What to work on
Write out the entries below exactly, but only from the line containing "OVER THE HILLユーモ最高のア*FRIEND'S誕生日カード*" through the line containing "Egg Allergy Translation Cards", and without the pictures.

Source information
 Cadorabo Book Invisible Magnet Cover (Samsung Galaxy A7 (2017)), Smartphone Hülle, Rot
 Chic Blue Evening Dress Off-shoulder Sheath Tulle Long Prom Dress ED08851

* * *

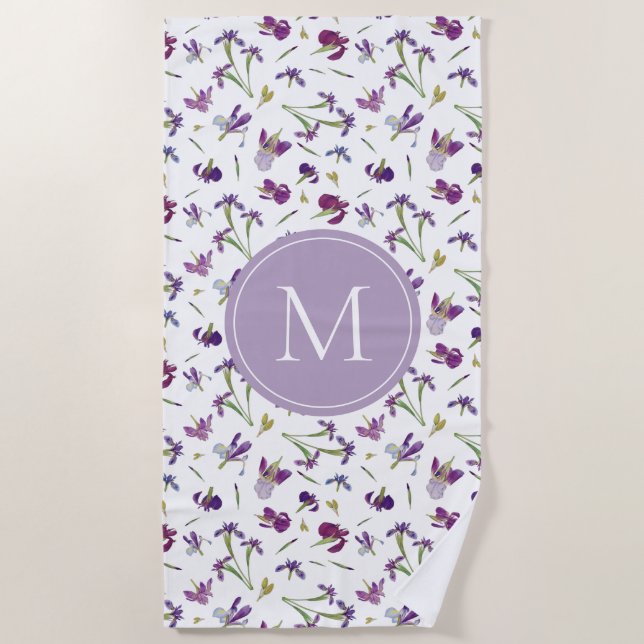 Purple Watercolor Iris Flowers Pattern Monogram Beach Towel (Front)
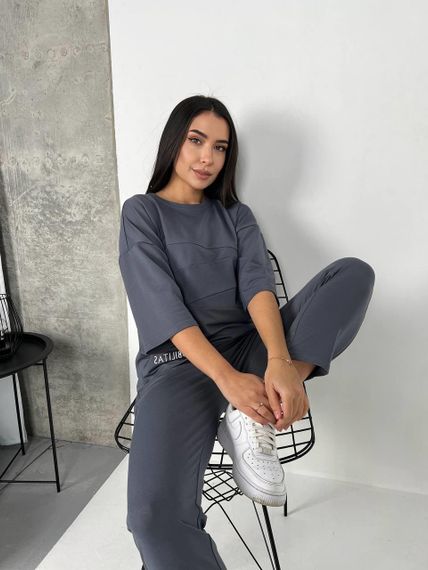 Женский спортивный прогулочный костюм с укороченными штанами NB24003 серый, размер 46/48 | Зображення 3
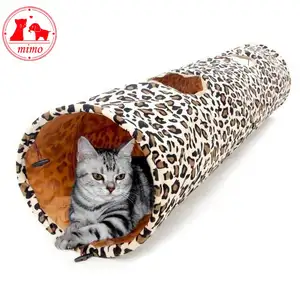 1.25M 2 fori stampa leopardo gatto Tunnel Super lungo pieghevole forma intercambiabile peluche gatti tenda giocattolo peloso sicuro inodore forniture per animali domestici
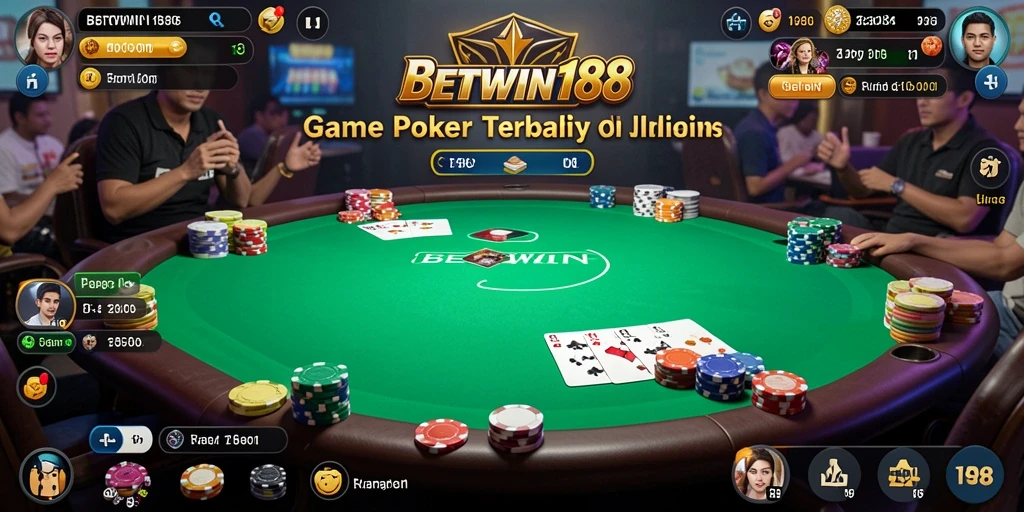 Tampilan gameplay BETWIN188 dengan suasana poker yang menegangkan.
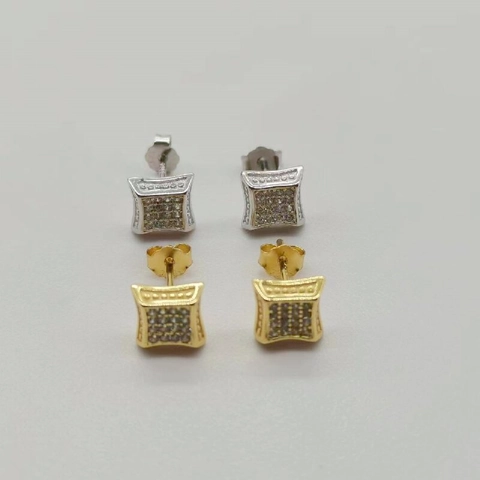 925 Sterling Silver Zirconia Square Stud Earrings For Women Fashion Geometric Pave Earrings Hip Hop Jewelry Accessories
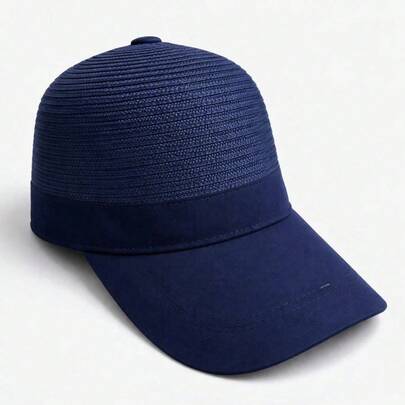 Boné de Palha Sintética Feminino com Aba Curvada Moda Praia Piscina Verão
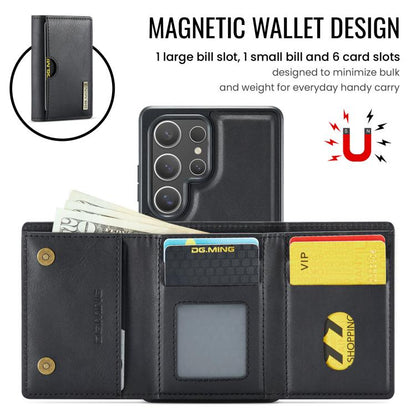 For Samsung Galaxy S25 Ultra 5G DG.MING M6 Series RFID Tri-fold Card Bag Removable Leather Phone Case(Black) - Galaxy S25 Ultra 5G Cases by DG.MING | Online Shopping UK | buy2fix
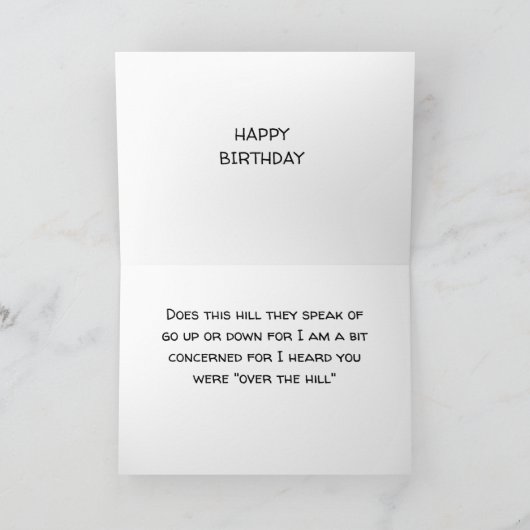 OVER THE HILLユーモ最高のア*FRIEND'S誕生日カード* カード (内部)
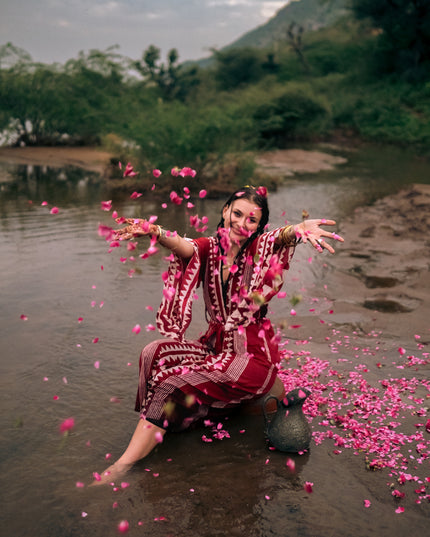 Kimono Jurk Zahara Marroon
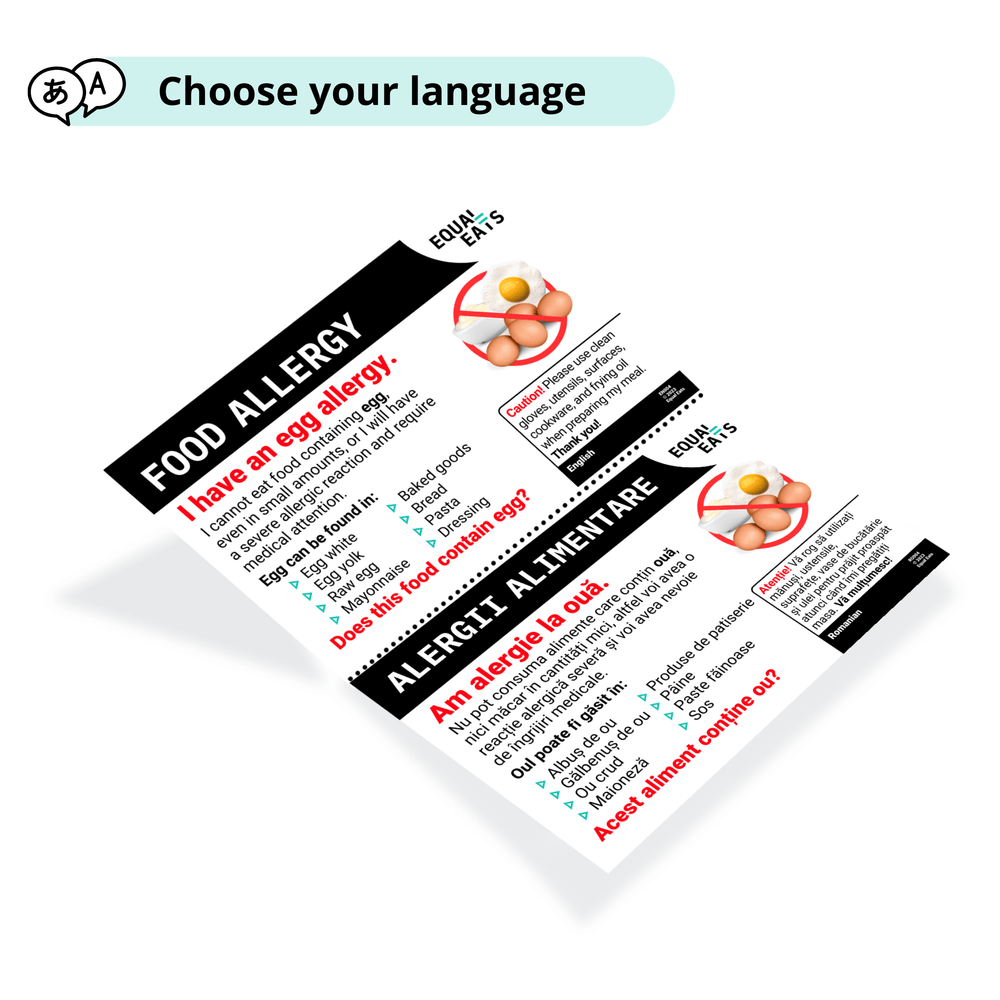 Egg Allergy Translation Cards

Result
 OVER THE HILLユーモ最高のア*FRIEND'S誕生日カード* カード (内部)
 Kimono Jurk Zahara Marroon
 Egg Allergy Translation Cards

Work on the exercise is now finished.